Tropical peatlands — including swamps and forests found in Indonesia, Malaysia, the Amazon lowlands and central Africa — are estimated to reach 42 million hectares and contain 148 gigatons of CO2.
Rising levels of CO2 emissions add to the greenhouse effect, thus increasing the temperature in the atmosphere, widely blamed for climate change effects.
Bambang Setiadi, chairman of the Indonesian Peatland Association, told the conference Indonesia had about 27 million hectares of peatlands, mostly in Kalimantan, Sumatra and Papua.
“Indonesia’s peatlands store between 10 and 32 gigatons of CO2,” he said.
The depth of the country’s peatlands ranges from 1 to more than 12 meters.
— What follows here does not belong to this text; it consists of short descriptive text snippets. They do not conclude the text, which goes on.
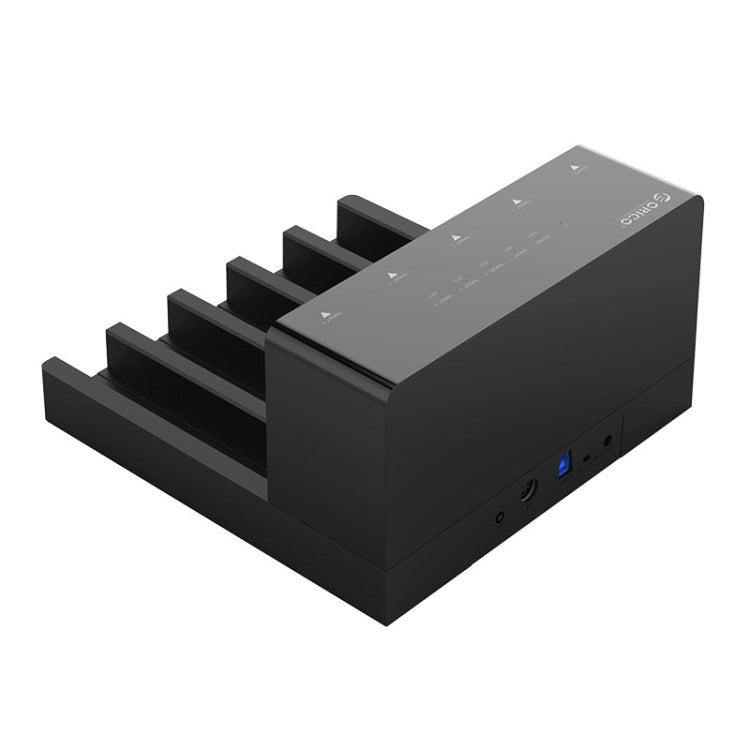 ORICO 6558US3-C 2.5 / 3.5 inch Hard Drive Enclosure with Duplicator, 6558US3-C – Shockproof, TPU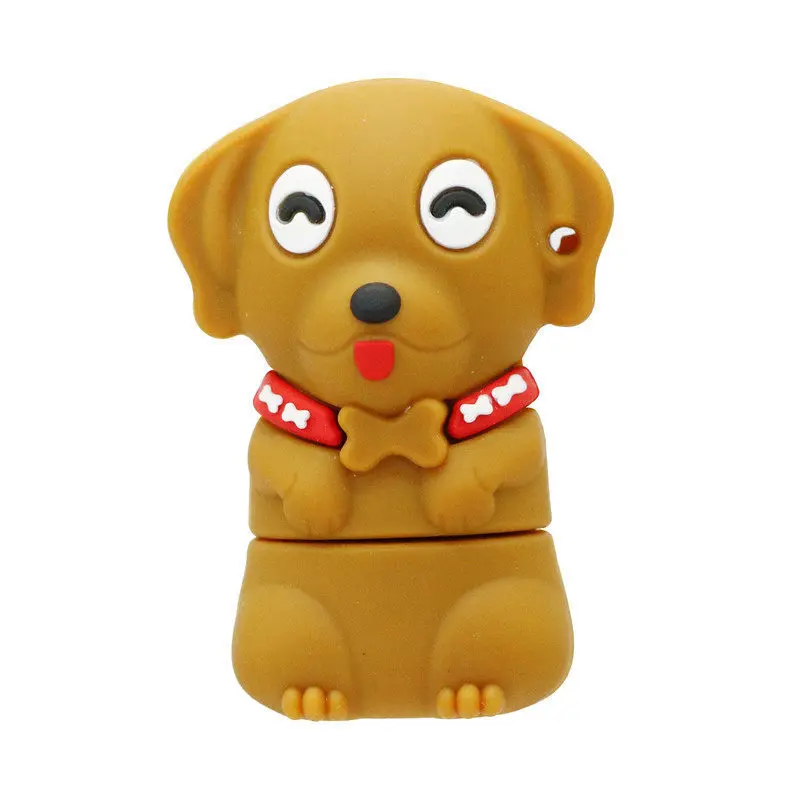 Мини флешка в виде мопса 64 ГБ USB 2 0 4 8 Гб|u disk|pen drive 64gbusb flash pendrive |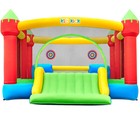15 x 12  Commercial Inflatable Bounce House Jumper Slide Castle With 750w Blower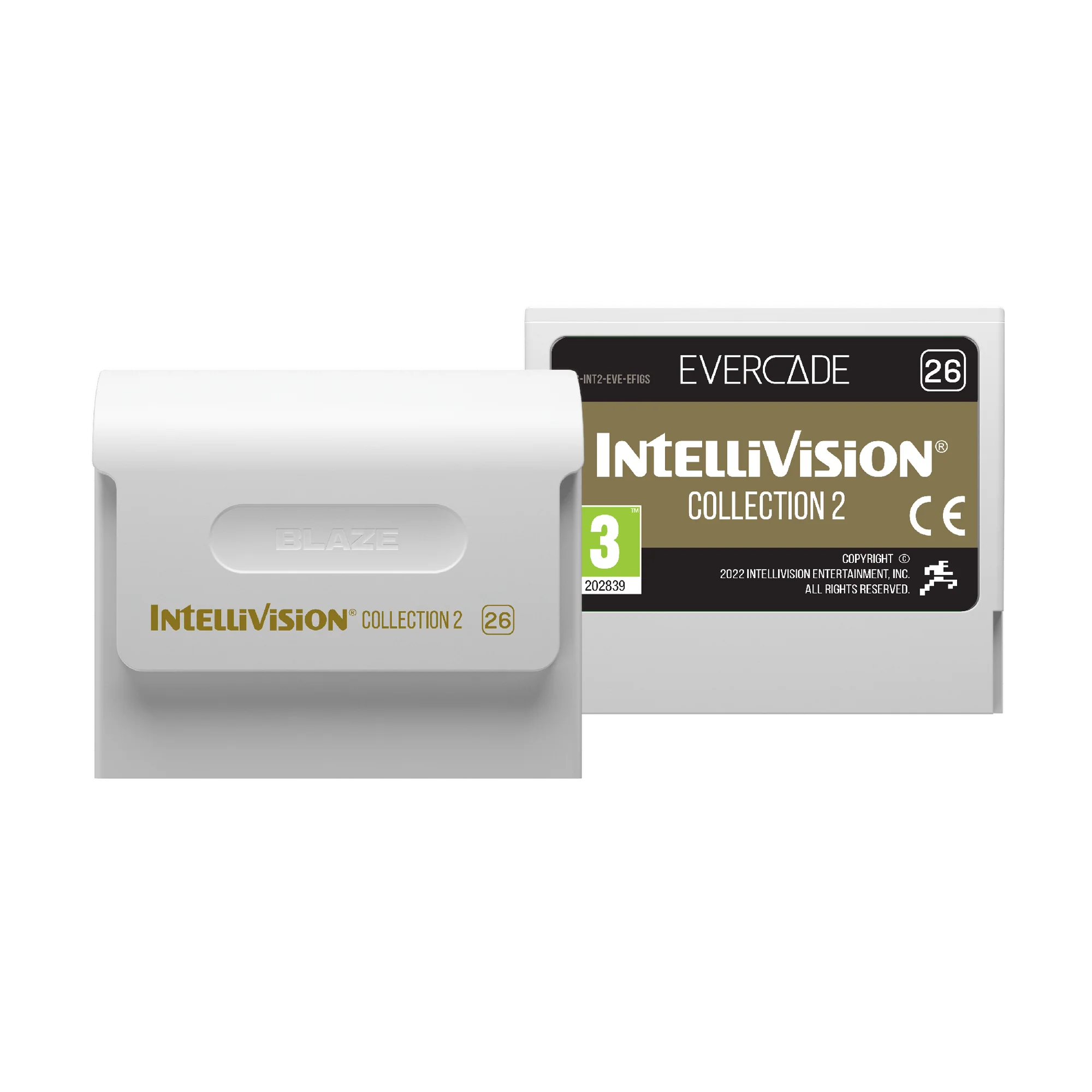 Evercade Cartridge #26 - Intellivision Collection 2 - Image 3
About 42 percent of the peatlands are more than 2 meters deep, with deposits of 77 percent of total peat carbon.
Bambang, who is also BSN chairman, said deforestation and repeated forest and peat fires significantly contributed to carbon release.
“Fires have become the most dangerous threat to Indonesian forests and peatlands in the past 15 years,” he said.
Studies show peat deposits in Southeast Asia could be wiped out by 2040 due to fires.
Bambang added that up to 0.6 gigatons of carbon released into the atmosphere in 2006 were due to peat fires.
He said carbon release from reclaimed peatlands could not be avoided. However, improved land management could lower the peat carbon loss rate.
LIPI peatland scientist Herwint Simbolon said the building of canals in peatlands would only accelerate the release of carbon.
“The fact is, carbon release is far higher than storage in peatlands, because the use of canals has sped up carbon release,” he said.
The government is currently drafting a presidential decree on peatland management, in a bid to cut CO2 emissions from peatlands.
Agriculture Minister Anton Apriyantono issued a ministerial decree last month to allow oil palm companies to expand into peatlands with a depth of less than 3 meters.
A report in 2006 from Wetlands International said Indonesia’s peatlands emitted around 2 billion tons of CO2 a year, far higher than the country’s emissions from energy, agriculture and waste, which together amounted to 451 million tons.
This places Indonesia as the world’s third largest CO2 emitter after the United States and China.